For decades, standard major-label recording contracts stated artists had to wait for the latter of two periods to expire before they could put out re-recorded versions, Swift-style: It could have been five to seven years from the release date of the original, or two years after the contract expired. Today, attorneys are receiving label contracts that expand that period to 10 or 15 years or more — and the attorneys are pushing back. “It becomes one of a multitude of items you’re fighting,” Karp says.
Speak of Taylor Swift. Her Eras Tour has apparently grossed $4B+ and she is officially (apparently) a billionaire from music alone. Pretty incredible feat.
With the release of the concert film doing well ($200m+), it somewhat vindicates my belief that cinemas should play things other than just movies in them. Definitely in awe of what she has managed to accomplish.
Latent Cultural Potential
A few weeks I wrote about how “NFTs Can’t Die”. One of my favourite artists in this space is Takens Theorem: someone truly using the medium for art and expression. They wrote a new post on EtherScan detailing onchain NFTs and dynamism. The discussion had been flowing again this week on Twitter because Elon Musk on Joe Rogan spoke about how NFTs are tokens with links to servers. However, a growing and burgeoning onchain NFT scene has been ongoing for quite some years.
I appreciate they mentioned my project “Witness The Draft” which I started creating a year ago as I did nanowrimo.
Are you doing nanowrimo this year? I’m not, although, I am writing a new novel, just not as part of nanowrimo. Any cool dynamic onchain NFTs you seen?
Wisdom of a Council
It’s been interesting to watch DAO structures evolve and iterate over the past few years. One thing I was hoping to see is to have more parallel and additional governance mechanism interface with purer token-only structures. One such example is Optimism’s Token House and Citzens’ House.

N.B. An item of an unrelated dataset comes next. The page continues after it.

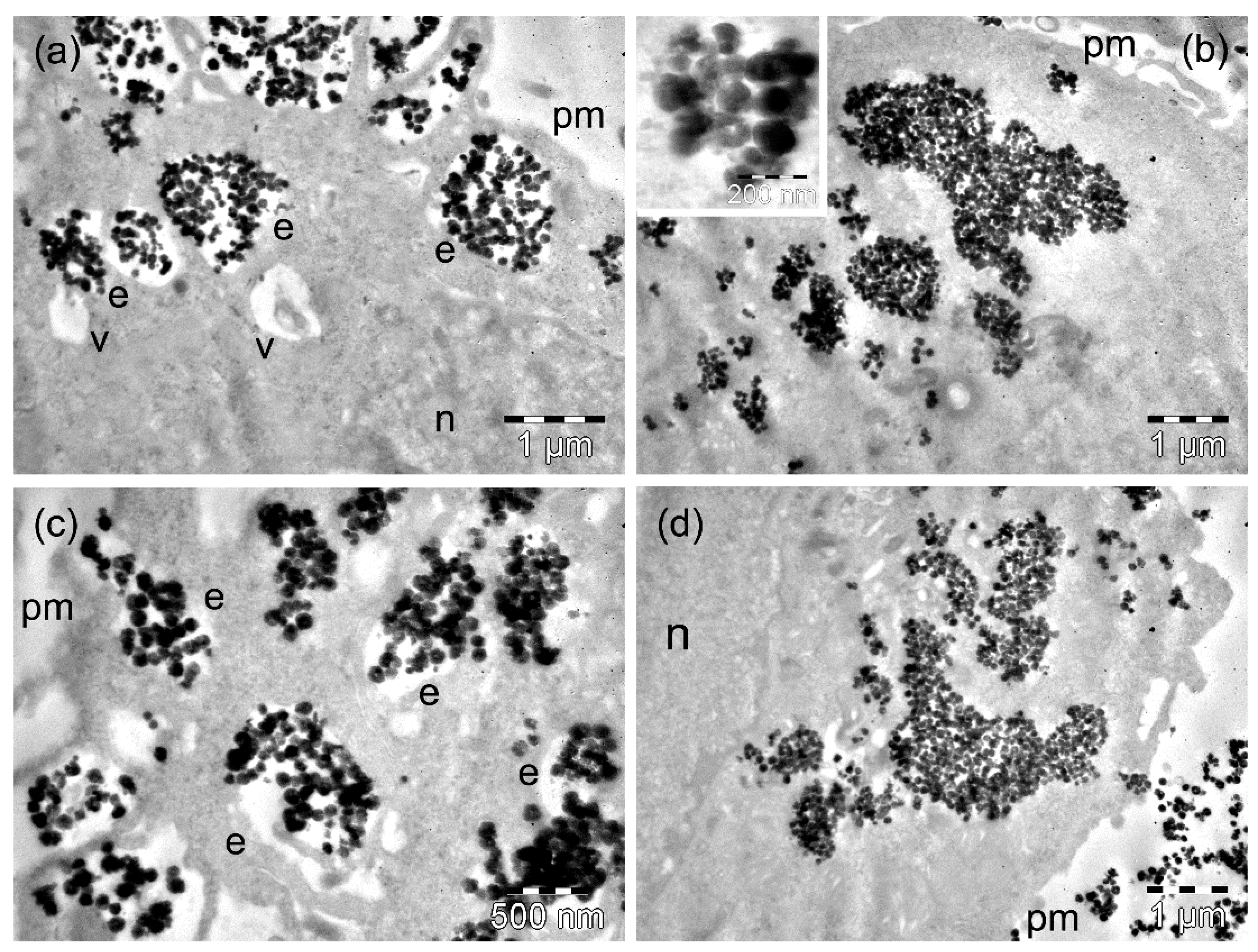 Nanomaterials 09 01489 g005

FWB, for example, added an additional governing structure called the Community Council.
What’s your most interesting governance structure currently being experiment with in web3?
Old Appalachia
A surprise to me. I didn’t know that the mountain range on east coast is the same historical one that was originally attached to the west of the UK into Norway.
Any other interesting old geographic stories in the world?
Weekly Zora Mint
I’ve been watching Scavenger’s Reign this week. A magical exploration of alien life and this art piece immediately reminded me of the series. It’s animated, so click through! L2 Diving by bystani.eth.
Minting this piece also earns referral fees for this newsletter.
Hania Rani - Hello (Live)
I’ve been on a Hania Rani kick again this week. Such a wonderful mix piano ambience and ethereal dance grooves to get lost into. Her music videos is always so magical. Some of the most magical experiences I’ve had included losing myself in beautiful scenery and this is some of her music videos.
That’s it for this week, folks. Enjoy a beautiful sunset!